I don’t remember where I scored this milk glass dish, which I think is an Indiana pedestal candy dish with a daisy design, but I could not part with it. I don’t eat candy, and had no idea what to do with it, so it just sat in a closet for years. One day, a blog I followed posted about egg cup pin cushions (I would link here, but I can’t seem to relocate it). I loved this idea – vintage dishes with a modern remake, and so simple!
Alas, I do not have egg cups, and I am generally not the type of gal to go buy things. I use what I have, because, truly, I have so much already. But then, as I had to move my sweet milk glass dish out of the way to reach something else, the idea returned to me in a flash. So, on Christmas day, I treated myself to some sewing-for-me and without looking at a pattern (because #me), I figured out the way I wanted to go about doing it. It was pure felicity and serendipity that my gramma had just recently given me some cardboard circle templates that were exactly the right size. I didn’t take any photos of the process, but I want to remember how I did this so here goes.
My idea for this was to have a removable pin cushion that would hide a compartment beneath it, so I needed to make a little dome that would fit snugly in the top of the dish.
I basically cut a circle about an inch and a half larger than the dish opening. This, I ran a running stitch around the edge to bunch it up a little and stuffed with regular stuffing (if I had had anything else, I would have used it instead). I slipped a cardboard circle in, tightened up the fabric and stuffed around an edge until I was satisfied with the stiffness of the dome, then I secured my thread.

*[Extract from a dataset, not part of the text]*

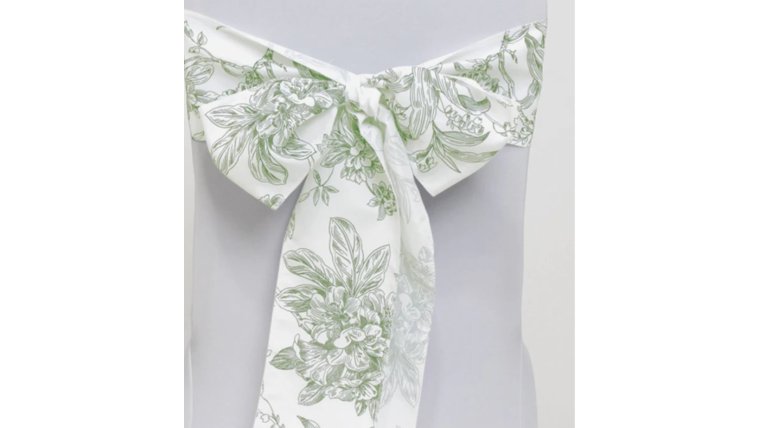 Chair Sash- Polyester French Toile Ribbons &amp; Sashes rental for events in Atlanta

I wanted the dome to be really sturdy, and survive a possible tea-spill someday in the future, so since I had extra circles on hand, I added another one on the bottom. However, first, I used an awl to poke a big hole in the center of the dome (fabric, stuffing, circle – all of it). On the second circle, I poked two holes near the center. Then, using a tapestry needle, I inserted a small strip of grossgrain ribbon up through one of those (keeping about an inch of tail rather than tying a knot), through the hole in the dome, and out of the fabric. I placed a pin across the dome to fold the ribbon over, assuring that when I took the needle back down into the cardboard, a loop the size I wanted would remain. It wasn’t easy, and Boy helped me with pliers. Then I tightened the ribbon up until the loop was stiffly standing on its own, and I glued the two tails of ribbon to the second cardboard circle.
On a third circle, I wrapped some felt (cut about a quarter-inch larger) around it and laced it back and forth until I had a nicely covered base. I used a paintbrush to apply glue to secure it to the middle cardboard. Then I hid tiny little stitches all the way around, connecting the felted third layer to the fabric dome. Because I wanted this dome to be removable, I wanted it to also look pretty on its own, so I tacked on a little bit of trim as well.

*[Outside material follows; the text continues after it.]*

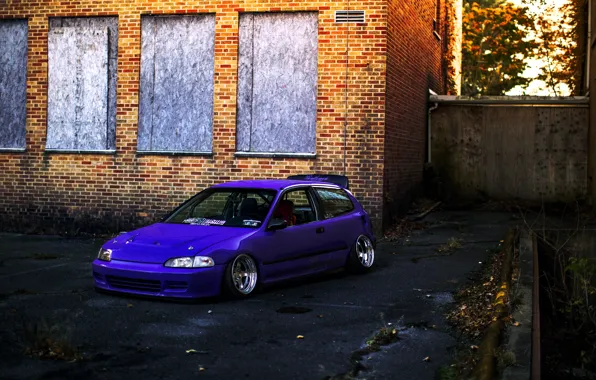 Purple, Honda Civic, civici, stance. Honda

I am over the moon with this little idea! I should share a before and after scene of my craft room because when it’s clean, it’s clean, but when I craft, it is like a toy section at the mall after a troop of misbehaving unsupervised toddlers camped out for a year. It’s bad. I lose my things so easily and am always super annoyed for cleanup because I have bits of thread and whatnot all over the place, clinging to everything, mixing in with good thread pieces. Ugh, I can’t stand it! You’ve heard me say before I’ve tried organizational methods, from a big tray to this awesome book box (can confirm; is awesome), but I’m still so undisciplined, it’s near shameful. I made a little ORT bag (“old ratty threads” – the little pink-bottomed red bag in this post) but it doesn’t do it for me – I lose it just as easily because it’s soft and gets smashed by things, and also clings to good threads when I push everything around in a flurry so I don’t use it much anymore. This candy dish? Firmly unsquishable, unclingable, and rises above the chaos. As you can see, I began training myself whilst making the project!
Now I have my eye out on all kinds of lovely dishes I could transform!